After inspecting the gun we went through other portions of the establishment, and saw iron in various stages of manufacture. I am not usually interested in manufacturing processes, being quite unable to understand them, at least in cotton-machinery and the like; but here there were such exhibitions of mighty strength, both of men and machines, that I had a satisfaction in looking on. We saw lumps of iron, intensely white-hot, and in all but a melting state, passed through rollers of various size and pressure, and speedily converted into long bars, which came curling and waving out of the rollers like great red ribbons, or like fiery serpents wriggling out of Tophet; and finally, being straightened out, they were laid to cool in heaps. Trip-hammers are very pleasant things to look at, working so massively as they do, and yet so accurately; chewing up the hot iron, as it were, and fashioning it into shape, with a sort of mighty and gigantic gentleness in their mode of action. What great things man has contrived, and is continually performing! What a noble brute he is!

Also, I found much delight in looking at the molten iron, boiling and bubbling in the furnace, and sometimes slopping over, when stirred by the attendant. There were numberless fires on all sides, blinding us with their intense glow; and continually the pounding strokes of huge hammers, some wielded by machinery and others by human arms. I had a respect for these stalwart workmen, who seemed to be near kindred of the machines amid which they wrought, – mighty men, smiting stoutly, and looking into the fierce eyes of the furnace fearlessly, and handling the iron at a temperature which would have taken the skin off from ordinary fingers. They looked strong, indeed, but pale; for the hot atmosphere in which they live cannot but be deleterious, and I suppose their very strength wears them quickly out. But I would rather live ten years as an iron-smith than fifty as a tailor.

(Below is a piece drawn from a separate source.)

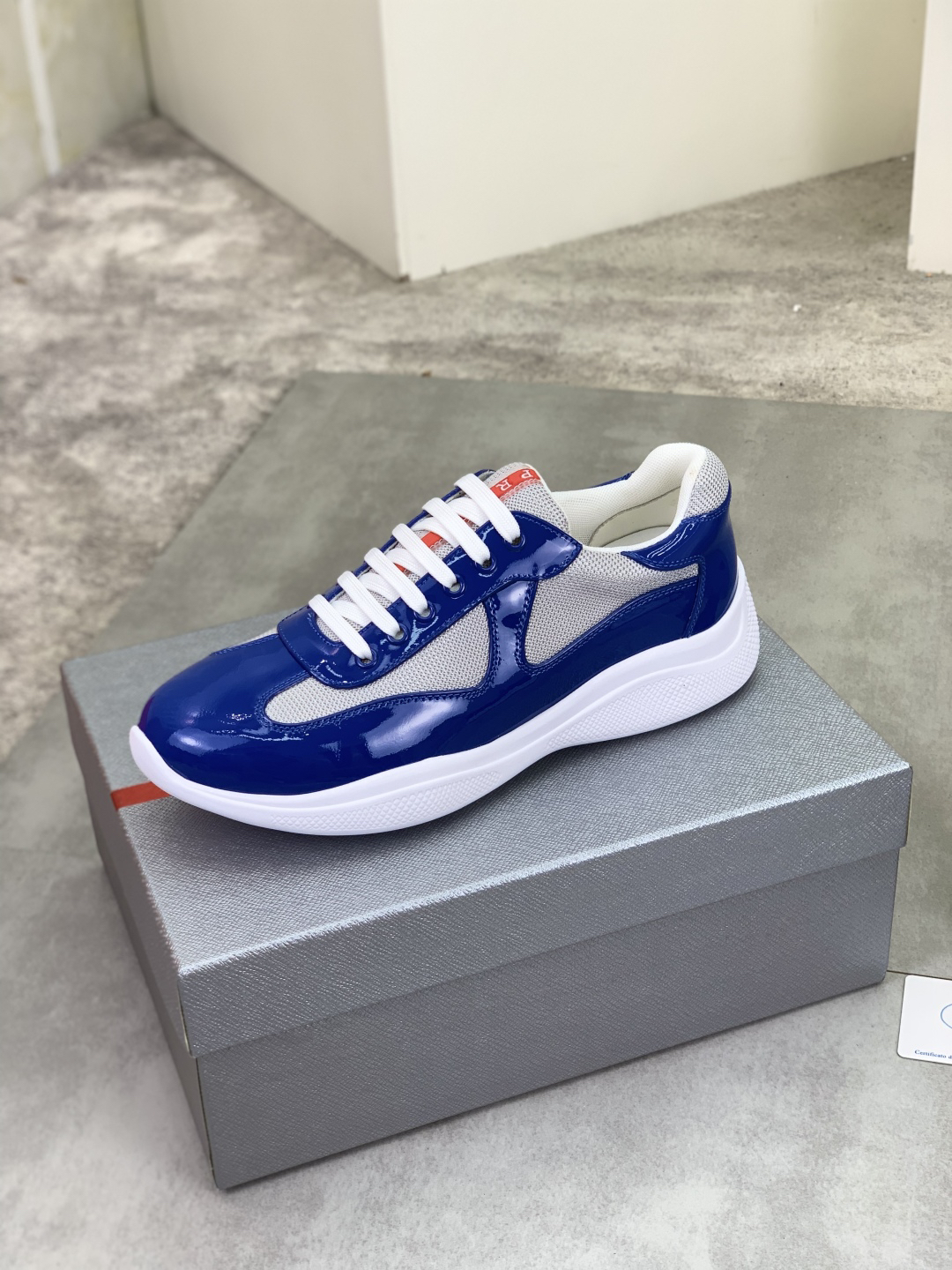Prada Mesh Leather Sneakers Blue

So much heat can be concentrated into a mass of iron, that a lump a foot square heats all the atmosphere about it, and burns the face at a considerable distance. As the trip-hammer strikes the lump, it seems still more to intensify the heat by squeezing it together, and the fluid iron oozes out like sap or juice.

"He was ready for the newest fashions!" – this expression was used by Mrs. Blodgett in reference to Mr. – on his first arrival in England, and it is a very tender way of signifying that a person is rather poorly off as to apparel.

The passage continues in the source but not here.